Stam Fotakis had cut off their late father, Cy, without a penny when he was barely more than a teenager. Cy had demonstrated his disdain for the family name by legally changing it to his grandmother’s maiden name of Mardas, which, of course, had meant that their grandfather had had no way of tracing either his son or the family he had eventually had.
At twenty-six, Winnie was old enough to remember their parents, who had died in a car crash when she was eight, but Vivi had only the barest recollection of them, and Zoe, a mere toddler at the time, had none at all.
But all three young women were very much aware that the Brooke family had saved them when they’d needed saving, giving them the care and support they had long lacked to rise above the tragic loss of their mum and dad and the disturbing consequences that had followed because they had all had bad experiences in state care. Winnie, extracted from a physically abusive foster home, had arrived with them first, and John and Liz’s caring enquiries and persistence had eventually led to the sisters being reunited within their home.

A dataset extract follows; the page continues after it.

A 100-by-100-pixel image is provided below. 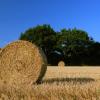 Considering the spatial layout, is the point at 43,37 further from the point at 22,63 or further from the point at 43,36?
the point at 22,63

From that point on all their lives had improved beyond all recognition and gradually a happy, secure normality had enveloped the traumatised siblings. You couldn’t put a price on what John and Liz had done for them, Winnie conceded ruefully, because you couldn’t put a price on love. Without adopting them, John and Liz had become the girls’ forever family, treating them like daughters and encouraging and supporting them every step of the way into adulthood.
‘That’s true.’ Vivi spoke up again with a grimace at the reminder that they had failed to get a loan. ‘And we can only get that money if we agree to marry men hand-picked by our crazy grandad. Obviously getting his granddaughters married off to suitable men is hugely important to him.’
‘He did say they didn’t have to be real marriages...in-name-only stuff is rather different,’ Winnie muttered the reminder ruefully, because in truth she didn’t want to get married either, even if it did only mean a piece of legal paper and a ring on her finger.
When she had first contacted her grandfather, she had had to provide documents to prove her identity but, barely a week later, she and her sisters and her little boy had been flown out on a private jet to Greece for several days. They had been stunned by their grandfather’s wealth and his very big and opulent home and had been well on the road to liking him until he had mentioned his terms for giving them the money to save the roof over John’s and Liz’s heads.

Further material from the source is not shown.